All lines from the one containing "this 784×521 image." through the final line of the records below should be reproduced exactly, with the pictures left out.

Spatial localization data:
•••
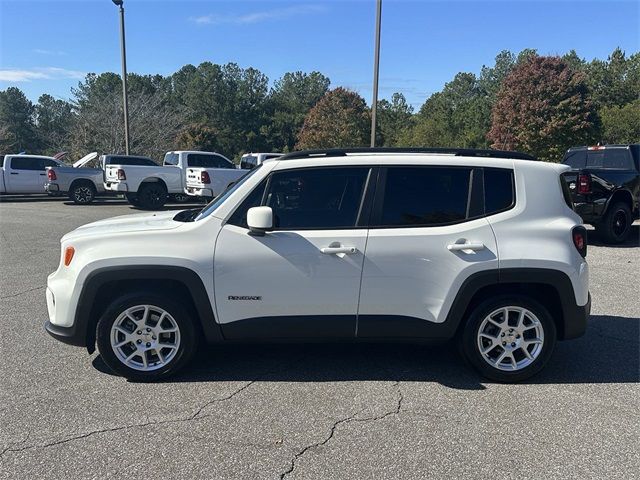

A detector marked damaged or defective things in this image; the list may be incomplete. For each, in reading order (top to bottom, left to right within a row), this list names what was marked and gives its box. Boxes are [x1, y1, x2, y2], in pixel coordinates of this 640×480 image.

parking lot crack [278, 380, 402, 478]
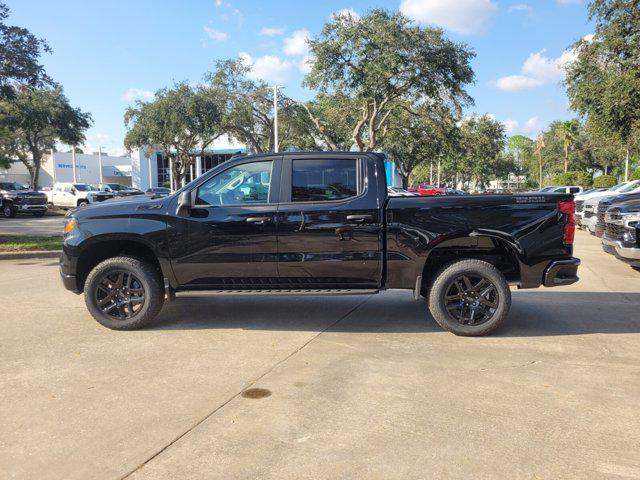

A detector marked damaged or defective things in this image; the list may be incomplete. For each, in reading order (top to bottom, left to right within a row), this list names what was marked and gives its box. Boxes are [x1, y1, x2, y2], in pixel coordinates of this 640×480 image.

pavement crack [117, 294, 372, 478]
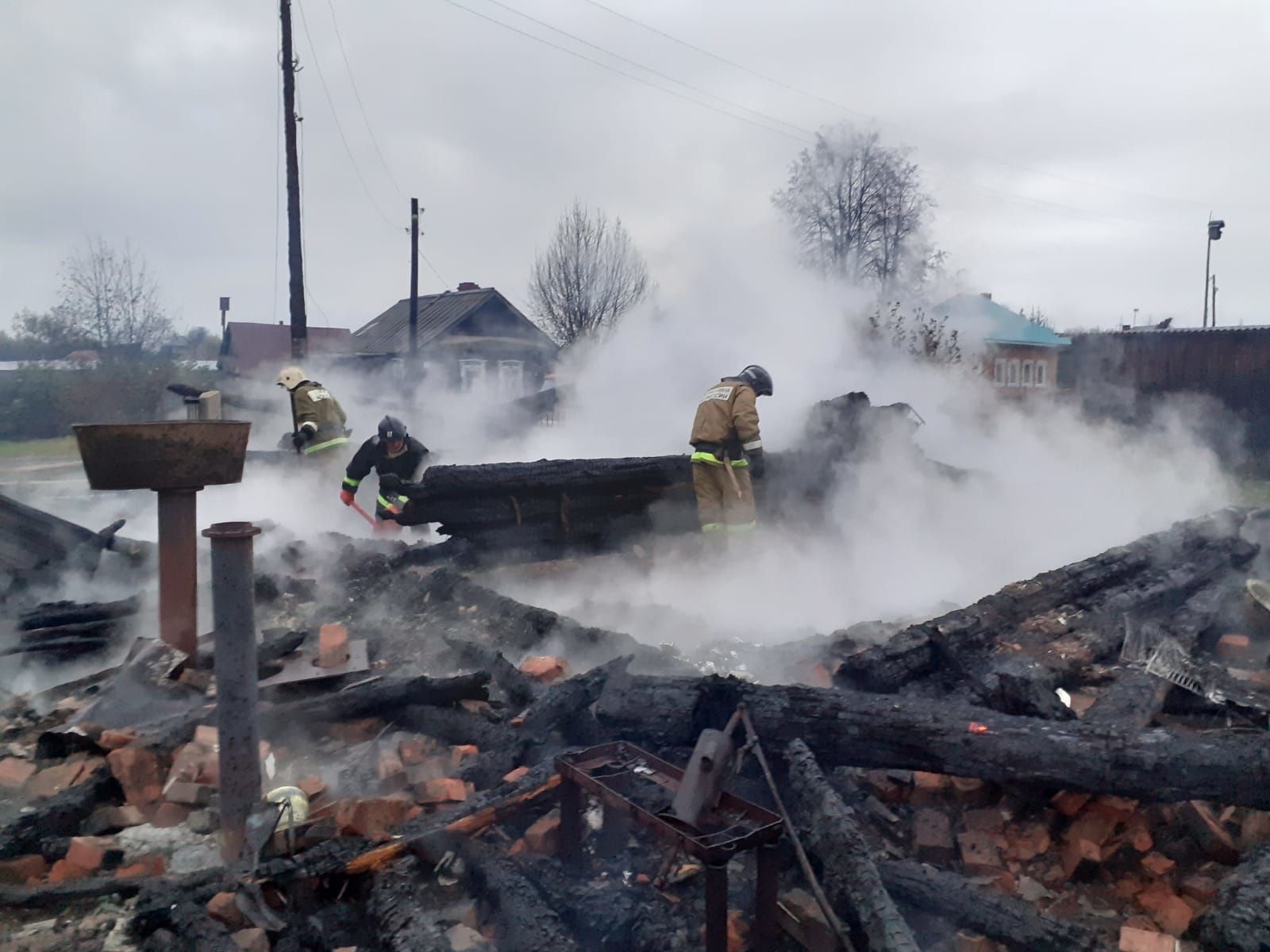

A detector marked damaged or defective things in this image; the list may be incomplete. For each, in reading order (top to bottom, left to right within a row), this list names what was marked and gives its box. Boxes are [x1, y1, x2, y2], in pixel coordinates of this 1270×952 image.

rusty metal funnel [71, 421, 250, 492]
rusty metal funnel [72, 421, 252, 660]
rusty metal post [156, 487, 198, 660]
charred wooden beam [843, 510, 1249, 695]
rusty metal post [203, 517, 263, 868]
rusty metal post [561, 777, 584, 873]
burnt timber debris [7, 474, 1270, 949]
rusty metal post [706, 863, 726, 952]
rusty metal post [746, 847, 777, 949]
charred wooden beam [787, 741, 919, 949]
charred wooden beam [597, 670, 1270, 812]
charred wooden beam [879, 863, 1118, 949]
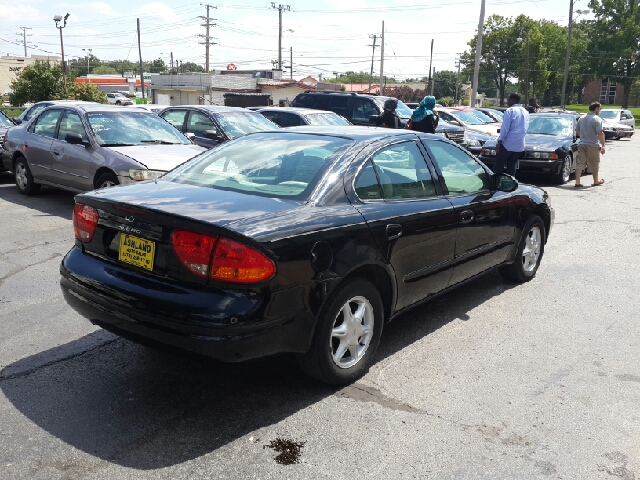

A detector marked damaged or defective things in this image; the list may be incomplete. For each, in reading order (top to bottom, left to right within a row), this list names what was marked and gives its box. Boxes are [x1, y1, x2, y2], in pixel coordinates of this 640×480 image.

cracked pavement [0, 137, 636, 478]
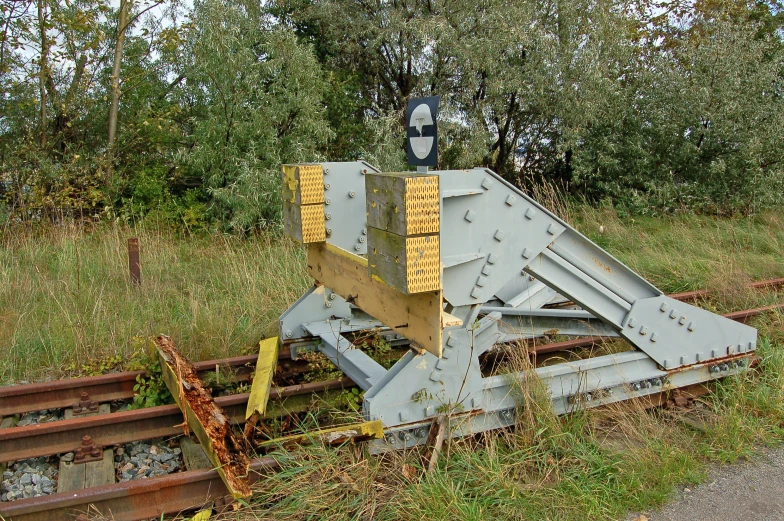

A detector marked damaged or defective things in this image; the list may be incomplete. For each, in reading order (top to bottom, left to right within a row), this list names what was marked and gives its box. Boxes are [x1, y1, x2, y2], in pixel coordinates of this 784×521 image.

rusty metal bar [0, 376, 350, 462]
rusty metal bar [0, 456, 282, 520]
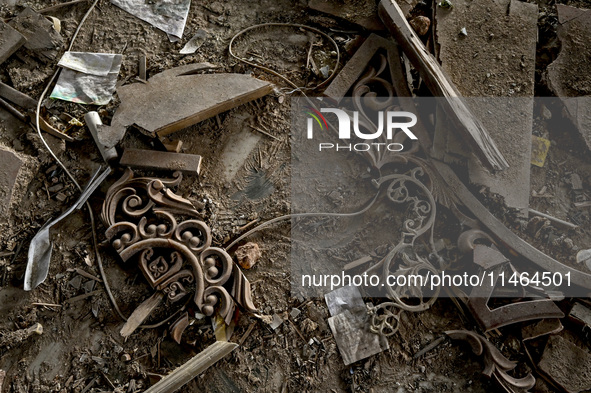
•••
Response to the exercise:
A detector marked damaged or defective things in this image; the list may be incomplete. For each, in reading order (top to bottom, left to right within a row), this list names what was marked and gives its box. Boxes are [x1, y1, x2, y2], in pixel coordinates of this 784×521 image.

rusty metal bar [0, 376, 350, 462]
rusty metal bar [0, 456, 282, 520]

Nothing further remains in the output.